Compare that to a program where the P25–P75 spread is tight—say $15,000. That program may have a lower median, but the outcome is more predictable. For a student weighing debt or opportunity cost, predictability has real value.
This is what earnings variance captures. When we collapse the distribution into a single ROI figure, we are telling students the average weather when they need the forecast.
What the blank spaces are telling us
Of those 633 program-institution combinations in the Colorado data, only 283 have any median earnings to report. The rest—more than half—are entirely suppressed.
This is not a data quality problem. It is a sample size problem, and it is telling us something important. The Census Bureau applies differential privacy protections that suppress cells where the graduate count is too small to release without risking individual identification. Programs with a handful of graduates over a five-year window simply cannot produce a reliable—or safe—earnings estimate.
These are real programs training real students. We just cannot see their outcomes. For the programs that serve the smallest, most specialized populations—often the students who most need good information—the data goes dark.
Fort Lewis College, the only four-year institution in Colorado's southwest, has certificate programs in the data but zero reportable earnings across every single one. Not because the programs failed, but because the cohorts are too small for the privacy math to clear.
This is a structural limitation that any honest evaluation framework has to acknowledge. If your ROI scorecard only covers the programs with enough graduates to survive privacy thresholds, you are systematically excluding the smallest programs—which are disproportionately rural, tribal-serving, and specialized workforce training. (For more on data suppression as a structural problem, see The Programs We Can't See.)
What this looks like
I built an interactive visualization of this data that shows the full picture for each school: every program as a horizontal range bar, with the median marked and whiskers stretching from the 25th to 75th percentile, three lines per program for Year 1, Year 5, and Year 10.
Select Colorado from the state dropdown, choose a school, and the programs sort by Year 5 median earnings. The patterns are immediately visible: which programs have strong ladders, which have wide spreads, and which have no data at all.
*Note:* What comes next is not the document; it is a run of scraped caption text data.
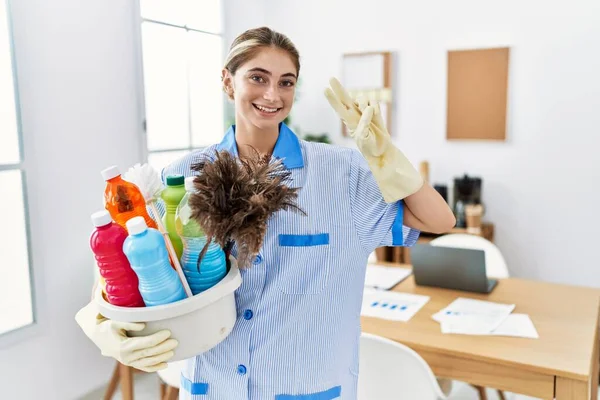 Giovane Donna Bionda Indossa Uniforme Più Pulita Tenendo Prodotti Pulizia — Foto Stock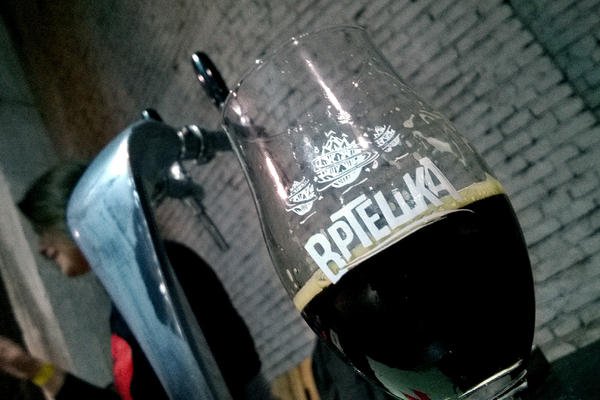 Od manga do pršute, začinjeno čilijem: Beogradska Vrteška pivskih stilova i ukusa! (FOTO)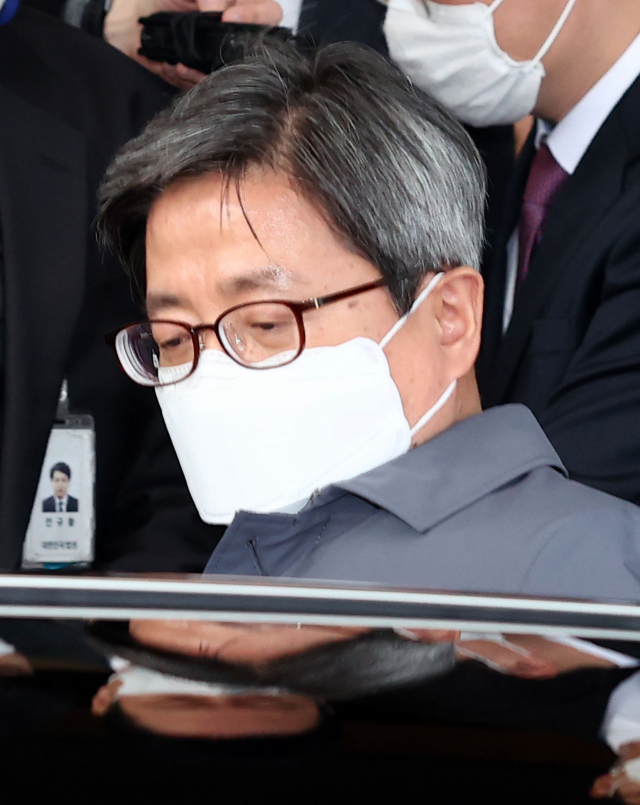 김명수 대법원장이 5일 오후 서울 서초구 대법원을 나서고 있다. 연합뉴스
The career ladder chart traces median earnings progression from Year 1 through Year 10, with shaded bands showing the P25–P75 range at each point. The earnings growth scatter puts two dimensions together: how fast earnings grow and how much outcomes vary—so you can see which programs offer strong growth with predictable results and which carry more risk.
So what
Colorado, like most states, is making real funding and policy decisions about which workforce programs to expand, which to cut, and how to advise students. If the evaluation framework is a single ROI number, the programs that look "low-performing" may actually be the ones with the strongest growth trajectories. And the programs with the highest Year 1 earnings may be the ones that plateau fastest.
The career ladder and earnings variance framework does not replace accountability. It makes accountability honest.
A program that starts at $35,000 but reaches $65,000 by Year 10 with a tight spread is a different proposition than one that starts at $45,000 and flatlines. Both look similar in a Year 1 snapshot. Both look very different over time.
The data to see this distinction already exists. It is in the PSEO. The question is whether we use it or continue to reduce it to a single number.
Data: U.S. Census Bureau, Post-Secondary Employment Outcomes (PSEO), 2025Q4 release. Earnings in 2023 dollars (CPI-U adjusted). Short-term certificate programs (<1 year), Colorado institutions, all graduation cohorts, national geographic scope. Explore the full dataset in the interactive earnings explorer.